764 Naval Air Squadron (764 NAS) was a Naval Air Squadron of the Royal Navy's Fleet Air Arm. It initially formed in April 1940, at RNAS Lee-on-Solent, as an Advance Seaplane training Squadron. The Squadron moved to RAF Pembroke Dock in July 1940, and later to RNAS Lawrenny Ferry, in October 1941 and remaining there until the Squadron disbanded in November 1943. It reformed at RNAS Gosport, in February 1944, as the User Trials Unit, however, the Squadron was decommissioned for the second time in September 1945. 764 NAS reformed again, at RNAS Lossiemouth, in May 1953, where it became an Advanced Training Unit. It moved to RNAS Yeovilton in September 1953, where it received its first jet aircraft. In November 1954 the Squadron disbanded.

It reformed in February 1955, at RNAS Ford, as a Fighter Pilot Holding Unit and equipped exclusively with jets. However, in the May, the squadron also provided Westland Wyvern aircraft type conversion, for the next couple of years. In June 1957, 764 NAS moved to RNAS Lossiemouth, utilising it's satellite airfield, RNAS Milltown, and with it a change to multiple training roles: Air Weapons Training, Commanding Officers and Senior Pilots Designate Course, a Jet Fighter Pool and a Target Towing Unit. With Hawker Hunter aircraft arriving in December 1958, the squadrons primary duty was Air Warfare Instructor training. It also undertook swept wing conversion to the Hunter. From March to November 1965 a ‘B’ flight was formed at Lossiemouth, to train Airwork Limited pilots to fly Supermarine Scimitar aircraft. In July 1972, 764 Naval Air Squadron disbanded at RNAS Lossiemouth.

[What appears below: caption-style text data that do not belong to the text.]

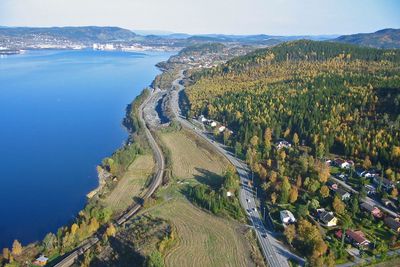 Den nye fire-feltsvegen skal presses inn mellom dagens E 6 og Nordlandsbanen. Masseuttaket midt på bildet er gjort i en tidligere entreprise.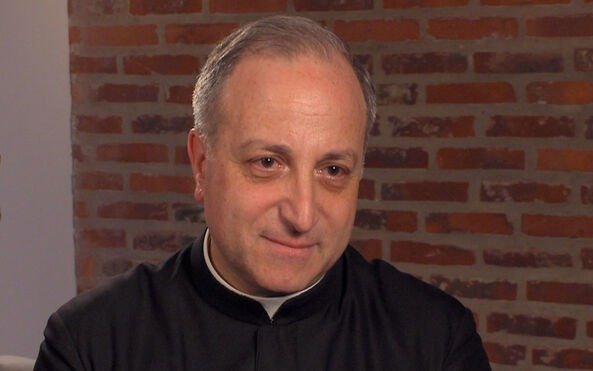 Expulsan de la Iglesia a un cura de La Plata por “actos impuros”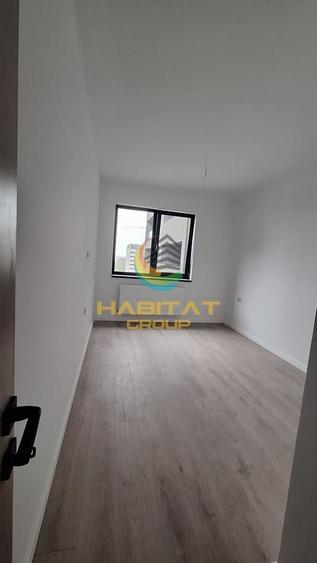 Apartament cu 3 camere semidecomandat în Berceni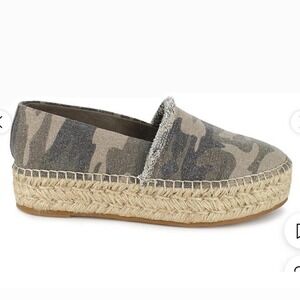 $109 SPLENDID Laney‎ Espadrille Slip-On Camo Print Platform Summer Shoes SZ 8.5M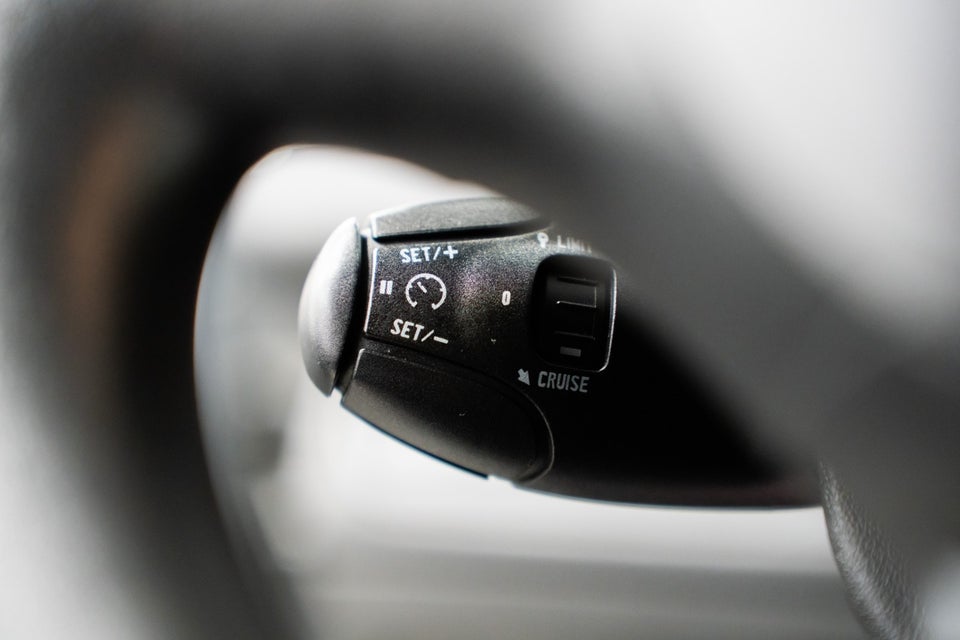 Peugeot 208 1,0 VTi Access 5d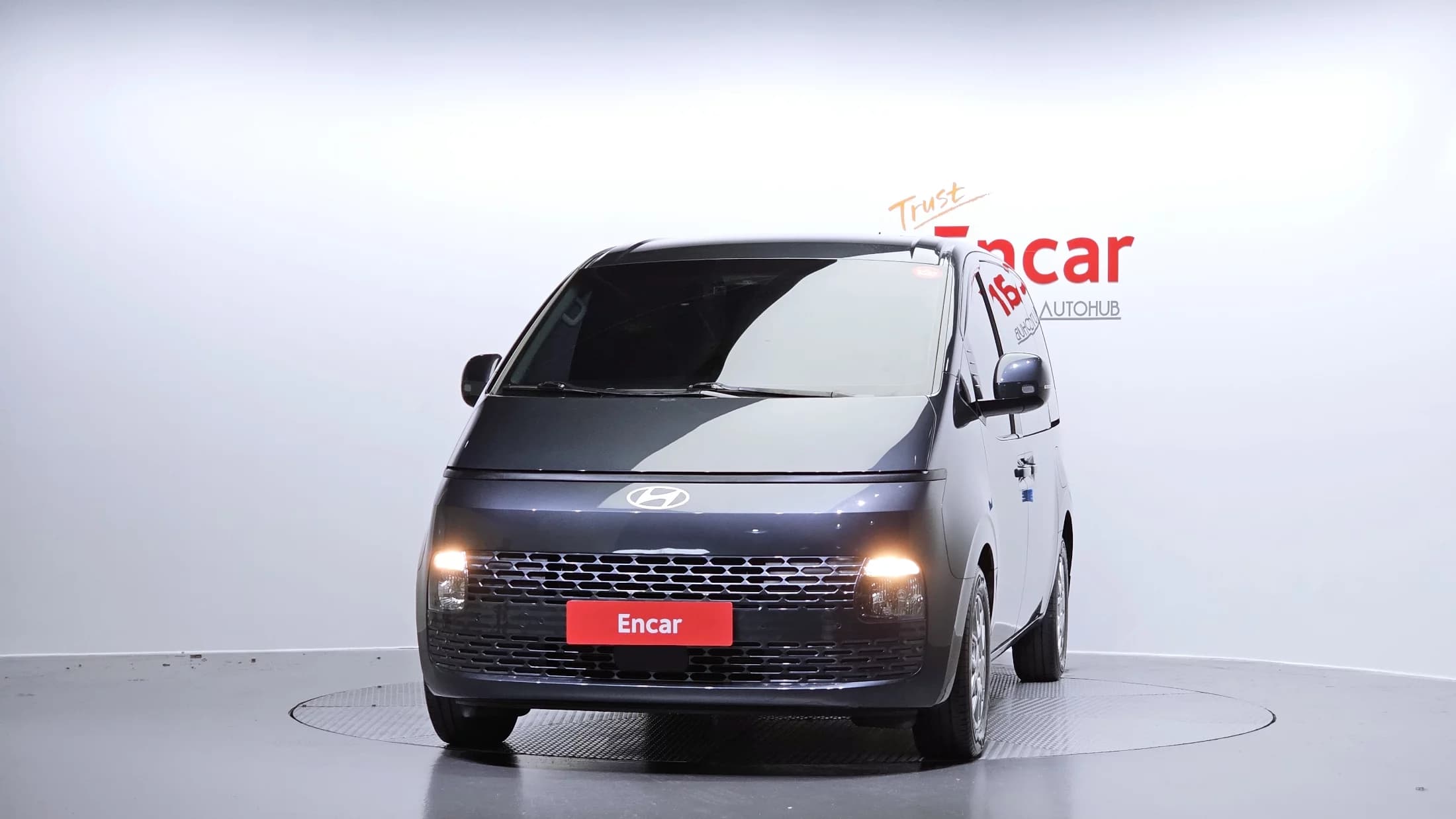 Hyundai Staria L3.5 Cargo 3-Seater Modern, 2024 г. 75224 км. — фото 3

764 Naval Air Squadron reformed as a non-flying squadron at HMS Sultan, in October 2008, as the Initial Training Squadron, as part of the Royal Naval Air Engineering & Survival School (RNAESS), within the Defence School of Aeronautical Engineering (DSAE)to simulate a squadron environment for training of Air Engineer Officers', Air Engineering Technicians and Survival Equipment ratings.

History of 764 NAS

Advance Seaplane Training Squadron (1940 - 1943) 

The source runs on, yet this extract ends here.